=== Begin Enclosure ===

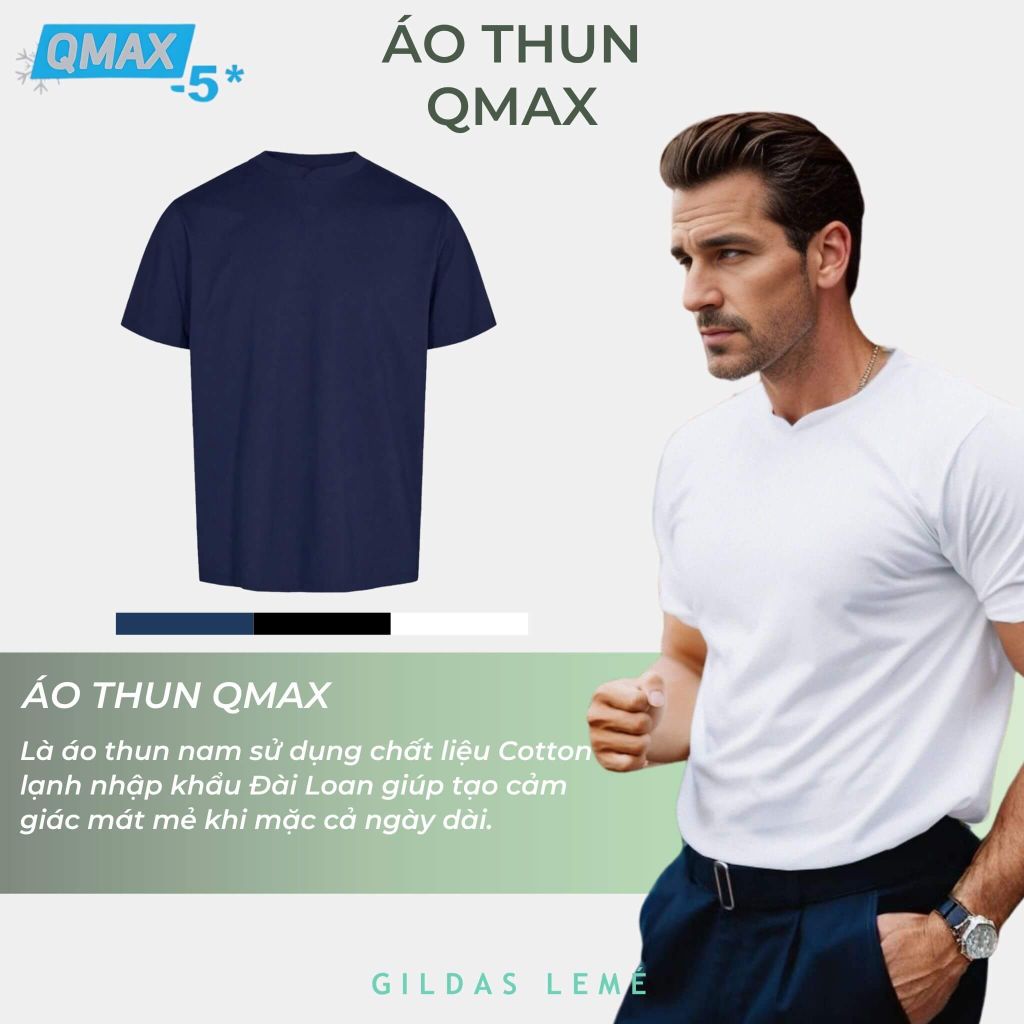 Áo thun Qmax cotton lạnh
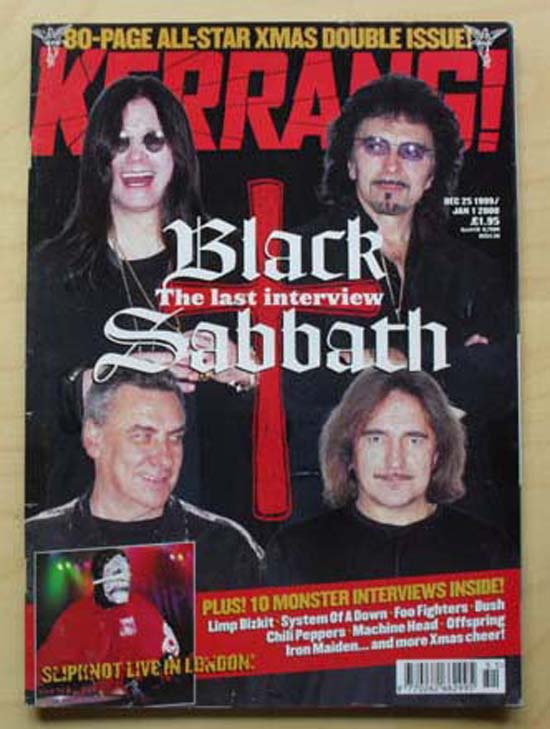 BLACK SABBATH - Kerrang No.782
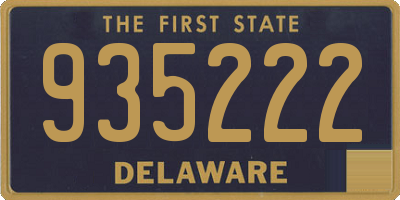 DE license plate 935222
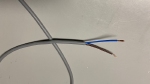 Installatiekabel grijs 2x1,5mm2 br-bl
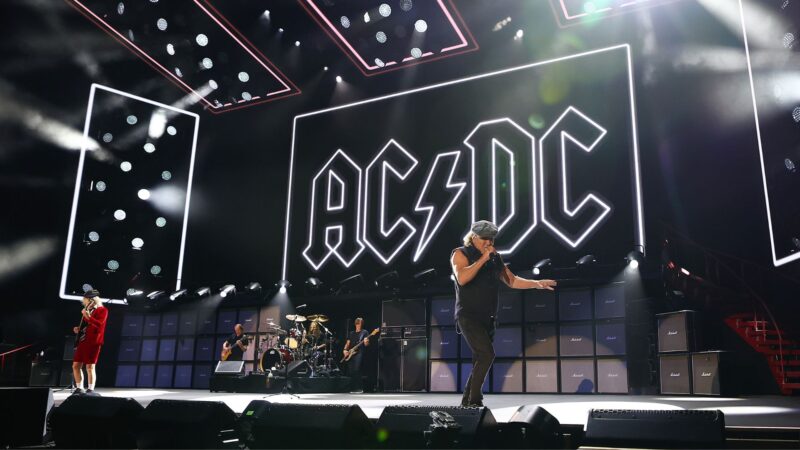 Show do AC/DC em Melbourne, Austrália, no dia 12 de novembro de 2025 (Foto: Morgan Hancock/Getty Images)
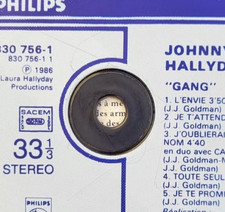 Johnny Hallyday Gang  LP 33T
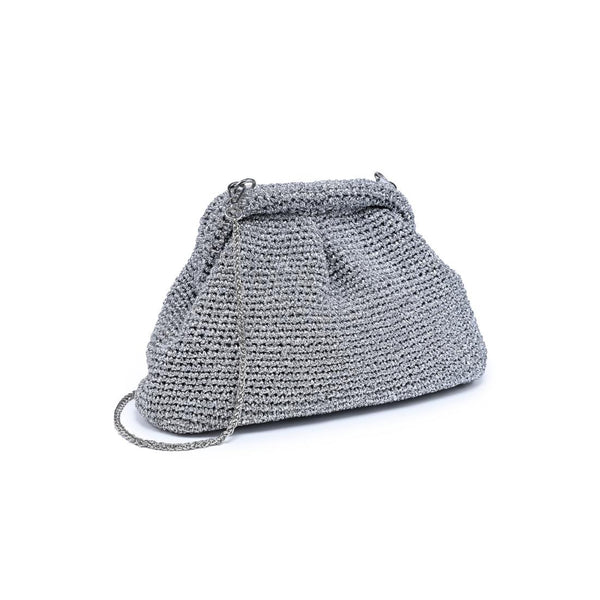 Amelia Clutch - Silver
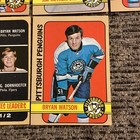 1972/73 Topps PITTSBURGH PENGUINS’ Team Set - JIM RUTHERFORD RC  - 10 Cards  — photo 10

=== End Enclosure ===

> What the exercise asks
Could you write out exactly the lines running from the one with "Installatiekabel grijs 2x1,5mm2 br-bl" through the last line of the data above, both ends kept, and omit any picture?

> Output below
 Installatiekabel grijs 2x1,5mm2 br-bl
 Show do AC/DC em Melbourne, Austrália, no dia 12 de novembro de 2025 (Foto: Morgan Hancock/Getty Images)
 Johnny Hallyday Gang  LP 33T
 Amelia Clutch - Silver
 1972/73 Topps PITTSBURGH PENGUINS’ Team Set - JIM RUTHERFORD RC  - 10 Cards  — photo 10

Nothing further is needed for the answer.